In Greek mythology, the Pallantidae (Παλλαντίδαι) were the fifty sons of Pallas, younger brother of Aegeus, king of Athens.

== Mythology ==
Diodorus Siculus related that the Pallantidae once became friends with Androgeos, a son of Minos, and that was why Aegeus had Androgeos assassinated, fearing that Pallas and his sons could use this friendship to get assistance from the powerful Minos against him. The Pallantidae and their father marched against Theseus and Aegeus in order to seize the throne; according to Plutarch, one half of them under command of Pallas openly marched on Athens from Sphettus, while the other half laid in ambush near Gargettus.
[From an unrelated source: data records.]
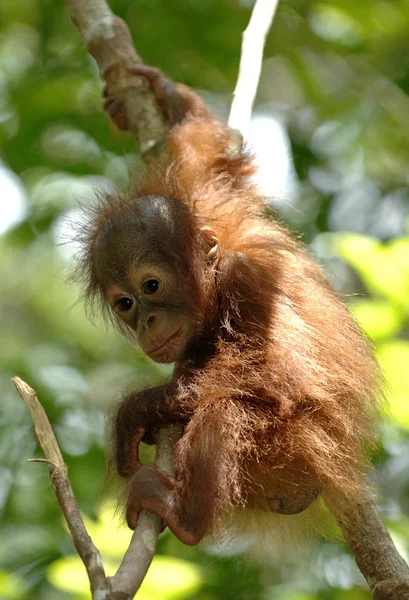 Baby Orangutan on tree — Stock Photo, Image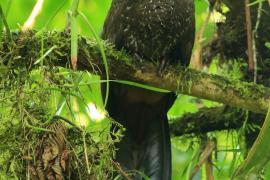 Penelopa rdzawobrzucha - Penelope purpurascens - Crested Guan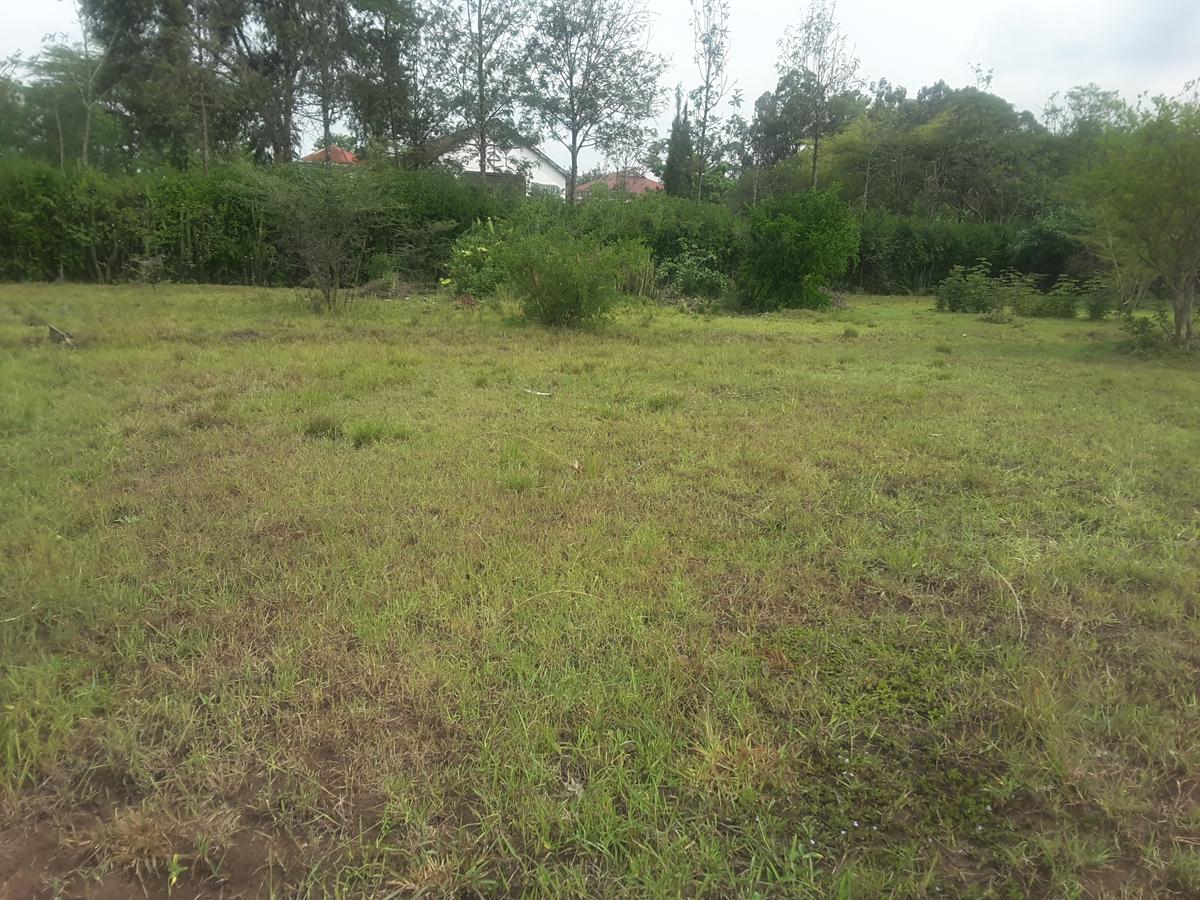 0.5 ac Residential Land in Karen - 7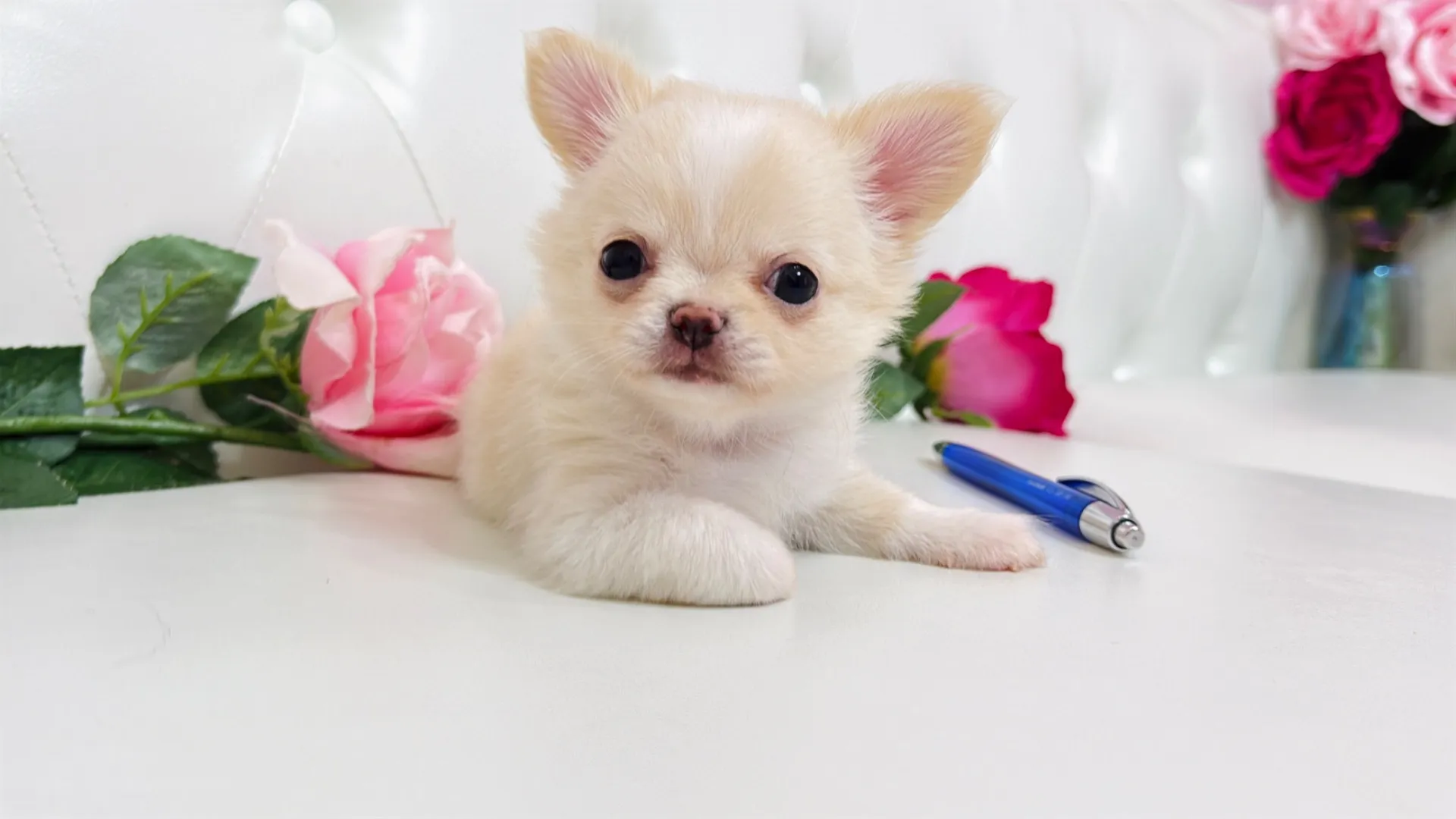 チワワロング(Cute101)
However, their herald Leos warned Theseus of their schemes and Theseus pre-emptively ambushed the Pallantidae and killed all those at Gargettus, whereupon the other half retreated. Other sources state that Theseus killed all the fifty Pallantidae as well as Pallas. A tradition saying that he spared their sister, Aricia, whom he kept as slave, is followed in Jean Racine's Phèdre but is not supported by extant genuinely ancient sources.

Ovid mentioned two of the Pallantidae, Butes and Clytus, as companions of Cephalus. but other than this, no individual names of any of the Pallantidae survived.

Some scholars believe that the east frieze of the Hephaisteion depicts the battle of Theseus against the Pallantidae.